Os defensores da situação atual também arguem o tombamento da cidade como Patrimônio Cultural da Humanidade — transformar, ainda que semanticamente, o Eixo Rodoviário seria ferir aquele estatuto. Novo equívoco. Brasília é tombada por sua magnífica configuração, não pelos padrões de uso dos seus espaços. Decerto a capital foi concebida à luz do "rodoviarismo" imperante nos anos de 1950: o grande impulso aos carros como mobilidade importante da cidade, calcado na indústria automobilística nascente no Brasil de então. Contudo, alçar esse tipo de mobilidade à condição de um de seus traços essenciais é mais que um erro: é ignorar a contribuição central de Lucio Costa ao remar contra a corrente funcionalista da arquitetura moderna, reinserindo a monumentalidade na escala da cidade, conferindo a Brasília a enorme força simbólica que tem — como, aliás, nenhuma outra proposta do Concurso do Plano Piloto de Brasília, do qual foi o vencedor, teria alcançado.
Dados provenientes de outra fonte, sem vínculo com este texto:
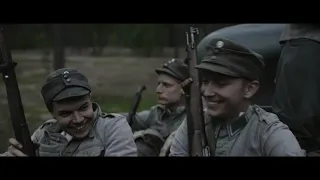 The Unknown Soldier - Tuntematon Sotilas (2017)  sub español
Quase 12 anos atrás, em 6 de dezembro de 2011, publiquei um artigo neste Correio Braziliense intitulado O rei está nu! sobre o mesmo tema. No dia seguinte, Conceição Freitas repercutiu o artigo e escreveu ao final: "Será que nos anos 2020 o Eixão continuará matando brasilienses sem que ninguém com suficiente coragem e determinação tenha feito algo para romper esse ciclo de tragédias? É bem provável que sim". Estamos em 2023. Além da excelente jornalista que é, apaixonada (como eu) pela cidade, Conceição revelou-se tristemente profeta: sim senhor, a resposta é "sim!".